* Task input *
┌────────

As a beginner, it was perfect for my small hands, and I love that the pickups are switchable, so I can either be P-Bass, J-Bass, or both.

└────────
┌────────

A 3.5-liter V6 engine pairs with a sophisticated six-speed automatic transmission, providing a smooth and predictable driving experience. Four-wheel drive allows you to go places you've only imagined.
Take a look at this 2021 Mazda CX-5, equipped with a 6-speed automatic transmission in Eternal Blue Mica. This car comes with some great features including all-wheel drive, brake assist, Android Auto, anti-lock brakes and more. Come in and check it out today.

└────────

* Task to complete *
In the data above, retype exactly and only the lines between the one holding "A 3.5-liter V6" and the one holding "Take a look", inclusive.

* Response to this exercise *
A 3.5-liter V6 engine pairs with a sophisticated six-speed automatic transmission, providing a smooth and predictable driving experience. Four-wheel drive allows you to go places you've only imagined.
Take a look at this 2021 Mazda CX-5, equipped with a 6-speed automatic transmission in Eternal Blue Mica. This car comes with some great features including all-wheel drive, brake assist, Android Auto, anti-lock brakes and more. Come in and check it out today.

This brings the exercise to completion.